Il primo elemento richiesto è complianceLevel . Un valore di 1,8 imposta sia la versione JDK di origine che quella di destinazione su 1.8. Se non impostato esplicitamente, la versione di origine sarebbe 1.3 e la destinazione sarebbe 1.1. Questi valori sono ovviamente obsoleti e non sufficienti per una moderna applicazione Java.

Per iniettare un bean in un oggetto non gestito, dobbiamo fare affidamento sulla classe AnnotationBeanConfigurerAspect fornita in spring -aspects.jar . Poiché si tratta di un aspetto precompilato, avremmo bisogno di aggiungere l'artefatto contenitore alla configurazione del plugin.

Si noti che un tale artefatto di riferimento deve esistere come dipendenza nel progetto:

 org.springframework spring-aspects 5.2.7.RELEASE 

Possiamo trovare l'ultima versione degli aspetti primaverili su Maven Central.

3.2. Esecuzione del plugin

Per istruire il plugin a tessere tutte le classi rilevanti, abbiamo bisogno di questa configurazione delle esecuzioni :

   compile   

Notare che l' obiettivo di compilazione del plug-in si lega per impostazione predefinita alla fase del ciclo di vita della compilazione.

3.2. Configurazione Bean

L'ultimo passaggio per abilitare la tessitura AspectJ è aggiungere @EnableSpringConfigured alla classe di configurazione:

@ComponentScan @EnableSpringConfigured public class AspectJConfig { }

L'annotazione aggiuntiva configura AnnotationBeanConfigurerAspect , che a sua volta registra le istanze di PersonObject con un contenitore Spring IoC.

4. Test

Ora, verifichiamo che il bean IdService sia stato iniettato con successo in un PersonObject :

@RunWith(SpringRunner.class) @ContextConfiguration(classes = AspectJConfig.class) public class PersonUnitTest { @Test public void givenUnmanagedObjects_whenInjectingIdService_thenIdValueIsCorrectlySet() { PersonObject personObject = new PersonObject("Baeldung"); personObject.generateId(); assertEquals(1, personObject.getId()); assertEquals("Baeldung", personObject.getName()); } }

5. Iniezione di un fagiolo in un'entità JPA

Dal punto di vista del contenitore Spring, un'entità non è altro che un oggetto ordinario. In quanto tale, non c'è niente di speciale nell'iniezione di un bean Spring in un'entità JPA.

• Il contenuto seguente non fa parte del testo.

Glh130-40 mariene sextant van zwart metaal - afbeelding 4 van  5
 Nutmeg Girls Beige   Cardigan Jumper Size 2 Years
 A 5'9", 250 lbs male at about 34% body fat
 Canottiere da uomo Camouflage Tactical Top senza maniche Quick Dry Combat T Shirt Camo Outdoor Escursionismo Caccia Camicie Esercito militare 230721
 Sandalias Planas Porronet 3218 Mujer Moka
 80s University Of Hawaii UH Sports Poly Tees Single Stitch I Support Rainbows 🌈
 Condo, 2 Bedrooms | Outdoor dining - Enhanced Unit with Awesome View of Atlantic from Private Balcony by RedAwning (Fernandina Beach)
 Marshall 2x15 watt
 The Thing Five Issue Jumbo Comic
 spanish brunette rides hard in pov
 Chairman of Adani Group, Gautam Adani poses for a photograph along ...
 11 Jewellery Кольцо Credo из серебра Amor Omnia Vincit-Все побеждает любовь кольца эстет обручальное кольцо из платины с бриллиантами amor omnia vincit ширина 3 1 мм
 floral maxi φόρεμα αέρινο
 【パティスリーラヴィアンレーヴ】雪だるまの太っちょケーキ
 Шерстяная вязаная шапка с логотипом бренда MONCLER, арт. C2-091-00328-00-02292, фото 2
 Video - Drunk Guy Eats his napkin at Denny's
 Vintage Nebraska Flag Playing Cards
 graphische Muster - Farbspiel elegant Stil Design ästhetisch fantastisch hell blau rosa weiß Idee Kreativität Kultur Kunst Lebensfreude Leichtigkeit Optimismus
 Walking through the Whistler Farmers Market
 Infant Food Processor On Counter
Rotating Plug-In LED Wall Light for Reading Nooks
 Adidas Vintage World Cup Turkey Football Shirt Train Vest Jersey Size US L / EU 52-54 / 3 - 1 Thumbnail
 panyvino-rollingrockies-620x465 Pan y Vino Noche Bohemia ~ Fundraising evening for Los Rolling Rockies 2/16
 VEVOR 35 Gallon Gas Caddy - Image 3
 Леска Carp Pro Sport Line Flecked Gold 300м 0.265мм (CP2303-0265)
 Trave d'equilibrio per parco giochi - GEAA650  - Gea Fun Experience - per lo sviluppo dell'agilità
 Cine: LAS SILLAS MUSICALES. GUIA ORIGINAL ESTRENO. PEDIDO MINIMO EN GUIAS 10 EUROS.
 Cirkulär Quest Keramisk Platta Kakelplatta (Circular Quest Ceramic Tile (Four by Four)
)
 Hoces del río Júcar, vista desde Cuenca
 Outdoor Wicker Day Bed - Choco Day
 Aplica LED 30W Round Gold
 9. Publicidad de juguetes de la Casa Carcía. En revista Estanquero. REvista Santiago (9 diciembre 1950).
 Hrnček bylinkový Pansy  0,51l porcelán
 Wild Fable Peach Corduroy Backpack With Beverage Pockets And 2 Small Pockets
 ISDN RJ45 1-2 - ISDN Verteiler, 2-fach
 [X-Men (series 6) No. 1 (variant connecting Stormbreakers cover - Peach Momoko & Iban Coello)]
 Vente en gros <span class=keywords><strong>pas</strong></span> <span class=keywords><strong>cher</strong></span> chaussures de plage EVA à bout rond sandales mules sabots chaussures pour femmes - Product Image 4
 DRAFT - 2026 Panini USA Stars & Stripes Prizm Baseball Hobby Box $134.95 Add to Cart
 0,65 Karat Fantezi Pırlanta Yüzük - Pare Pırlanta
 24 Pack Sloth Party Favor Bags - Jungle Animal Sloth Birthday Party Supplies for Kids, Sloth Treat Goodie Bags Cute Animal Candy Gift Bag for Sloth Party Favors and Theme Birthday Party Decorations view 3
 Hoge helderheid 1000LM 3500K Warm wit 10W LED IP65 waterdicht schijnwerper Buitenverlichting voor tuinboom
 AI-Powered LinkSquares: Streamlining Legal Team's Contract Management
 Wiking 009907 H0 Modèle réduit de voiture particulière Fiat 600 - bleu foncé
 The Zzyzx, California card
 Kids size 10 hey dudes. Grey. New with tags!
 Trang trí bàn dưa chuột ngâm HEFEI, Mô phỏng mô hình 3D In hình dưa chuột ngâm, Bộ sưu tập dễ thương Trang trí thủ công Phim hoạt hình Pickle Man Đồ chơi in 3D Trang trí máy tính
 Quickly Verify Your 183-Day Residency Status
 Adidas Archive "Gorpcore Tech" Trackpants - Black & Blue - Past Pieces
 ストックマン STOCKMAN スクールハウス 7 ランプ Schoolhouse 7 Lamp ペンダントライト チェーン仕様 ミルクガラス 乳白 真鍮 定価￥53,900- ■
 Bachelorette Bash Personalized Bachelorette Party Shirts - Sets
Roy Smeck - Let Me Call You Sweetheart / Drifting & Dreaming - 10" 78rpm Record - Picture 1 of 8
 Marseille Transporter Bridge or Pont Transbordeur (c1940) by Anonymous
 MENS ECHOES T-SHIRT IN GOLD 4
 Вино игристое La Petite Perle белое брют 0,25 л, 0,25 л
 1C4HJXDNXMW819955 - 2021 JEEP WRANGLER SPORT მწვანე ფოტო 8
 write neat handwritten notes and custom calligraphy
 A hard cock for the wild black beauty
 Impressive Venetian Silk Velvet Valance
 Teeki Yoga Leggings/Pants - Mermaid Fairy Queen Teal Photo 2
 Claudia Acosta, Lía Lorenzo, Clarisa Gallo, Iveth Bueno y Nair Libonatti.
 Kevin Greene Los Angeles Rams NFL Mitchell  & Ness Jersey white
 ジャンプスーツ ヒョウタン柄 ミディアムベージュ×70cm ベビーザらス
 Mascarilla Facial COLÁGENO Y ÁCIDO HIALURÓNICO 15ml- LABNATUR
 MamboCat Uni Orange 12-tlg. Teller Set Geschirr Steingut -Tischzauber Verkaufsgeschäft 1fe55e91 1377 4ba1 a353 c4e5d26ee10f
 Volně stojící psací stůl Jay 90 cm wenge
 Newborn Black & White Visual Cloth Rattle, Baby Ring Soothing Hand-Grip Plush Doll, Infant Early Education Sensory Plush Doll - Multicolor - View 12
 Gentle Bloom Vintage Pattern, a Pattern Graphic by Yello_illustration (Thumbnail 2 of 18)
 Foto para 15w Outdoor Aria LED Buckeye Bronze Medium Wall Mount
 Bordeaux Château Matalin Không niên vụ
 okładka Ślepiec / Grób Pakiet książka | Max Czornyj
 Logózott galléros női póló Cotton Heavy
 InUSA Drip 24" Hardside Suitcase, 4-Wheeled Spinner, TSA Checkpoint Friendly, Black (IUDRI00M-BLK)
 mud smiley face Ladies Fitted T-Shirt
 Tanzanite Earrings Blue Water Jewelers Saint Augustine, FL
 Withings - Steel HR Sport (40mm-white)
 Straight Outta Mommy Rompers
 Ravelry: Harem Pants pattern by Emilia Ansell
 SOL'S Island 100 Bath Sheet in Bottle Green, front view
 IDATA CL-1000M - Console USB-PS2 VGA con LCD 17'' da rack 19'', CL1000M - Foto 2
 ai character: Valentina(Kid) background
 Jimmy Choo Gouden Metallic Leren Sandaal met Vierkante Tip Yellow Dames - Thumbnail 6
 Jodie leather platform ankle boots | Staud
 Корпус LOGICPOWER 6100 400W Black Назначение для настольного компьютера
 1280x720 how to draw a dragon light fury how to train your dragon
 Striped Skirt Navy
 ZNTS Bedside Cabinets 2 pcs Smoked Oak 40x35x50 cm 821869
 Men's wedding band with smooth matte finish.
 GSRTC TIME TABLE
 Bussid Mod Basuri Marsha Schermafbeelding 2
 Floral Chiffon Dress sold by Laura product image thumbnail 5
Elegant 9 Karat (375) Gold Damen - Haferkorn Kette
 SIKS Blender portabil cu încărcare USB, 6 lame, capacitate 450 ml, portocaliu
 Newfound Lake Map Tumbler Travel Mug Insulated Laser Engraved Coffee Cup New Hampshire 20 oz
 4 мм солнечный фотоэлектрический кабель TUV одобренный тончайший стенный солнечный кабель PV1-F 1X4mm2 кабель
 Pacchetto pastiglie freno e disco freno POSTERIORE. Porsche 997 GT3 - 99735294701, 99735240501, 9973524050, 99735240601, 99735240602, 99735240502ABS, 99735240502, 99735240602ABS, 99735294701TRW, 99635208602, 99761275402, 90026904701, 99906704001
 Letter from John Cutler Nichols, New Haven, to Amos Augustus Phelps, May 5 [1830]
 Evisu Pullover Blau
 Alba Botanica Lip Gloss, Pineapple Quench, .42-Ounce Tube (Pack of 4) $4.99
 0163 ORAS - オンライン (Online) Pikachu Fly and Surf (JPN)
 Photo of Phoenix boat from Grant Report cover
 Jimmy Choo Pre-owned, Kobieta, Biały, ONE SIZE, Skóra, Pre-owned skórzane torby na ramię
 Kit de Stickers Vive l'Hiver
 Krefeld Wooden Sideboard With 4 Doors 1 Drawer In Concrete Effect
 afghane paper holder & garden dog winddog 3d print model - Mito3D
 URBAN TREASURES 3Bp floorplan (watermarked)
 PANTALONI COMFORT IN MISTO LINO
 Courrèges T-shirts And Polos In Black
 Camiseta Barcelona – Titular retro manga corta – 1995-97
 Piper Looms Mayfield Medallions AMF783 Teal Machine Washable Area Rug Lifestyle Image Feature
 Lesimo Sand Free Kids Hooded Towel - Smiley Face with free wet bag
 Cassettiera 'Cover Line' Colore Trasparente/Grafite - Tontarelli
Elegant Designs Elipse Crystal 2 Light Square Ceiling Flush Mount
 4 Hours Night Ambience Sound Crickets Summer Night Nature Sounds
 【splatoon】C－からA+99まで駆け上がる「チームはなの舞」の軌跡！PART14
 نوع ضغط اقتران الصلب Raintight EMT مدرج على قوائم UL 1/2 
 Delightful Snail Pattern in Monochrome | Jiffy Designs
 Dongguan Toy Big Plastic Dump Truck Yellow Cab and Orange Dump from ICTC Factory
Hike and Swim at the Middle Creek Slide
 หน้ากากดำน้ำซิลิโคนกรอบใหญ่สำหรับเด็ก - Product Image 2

Tuttavia, poiché l'iniezione nelle entità JPA è un caso d'uso tipico, copriamolo più in dettaglio.

5.1. Classe di entità

Cominciamo con lo scheletro della classe di entità:

@Entity @Configurable(preConstruction = true) public class PersonEntity { @Id private int id; private String name; public PersonEntity() { } // other code - shown in the next subsection }

Notare l' elemento preConstruction nell'annotazione @Configurable : ci consente di iniettare una dipendenza nell'oggetto prima che sia completamente costruito.

5.2. Iniezione di servizi

Ora possiamo iniettare IdService in PersonEntity , in modo simile a quello che abbiamo fatto con PersonObject :

// annotations public class PersonEntity { @Autowired @Transient private IdService idService; // fields and no-arg constructor public PersonEntity(String name) { id = idService.generateId(); this.name = name; } // getters }

The @Transient annotation is used to tell JPA that idService is a field not to be persisted.

5.3. Test Method Update

Finally, we can update the test method to indicate that the service can be injected into the entity:

@Test public void givenUnmanagedObjects_whenInjectingIdService_thenIdValueIsCorrectlySet() { // existing statements PersonEntity personEntity = new PersonEntity("Baeldung"); assertEquals(2, personEntity.getId()); assertEquals("Baeldung", personEntity.getName()); }

6. Caveats

Although it's convenient to access Spring components from an unmanaged object, it's often not a good practice to do so.

The problem is that unmanaged objects, including entities, are usually part of the domain model. These objects should carry data only to be reusable across different services.

Injecting beans into such objects could tie components and objects together, making it harder to maintain and enhance the application.

7. Conclusion

Questo tutorial ha illustrato il processo di iniezione di un bean Spring in un oggetto non gestito. Ha anche menzionato un problema di progettazione associato all'inserimento di dipendenze negli oggetti.

Il codice di implementazione può essere trovato su GitHub.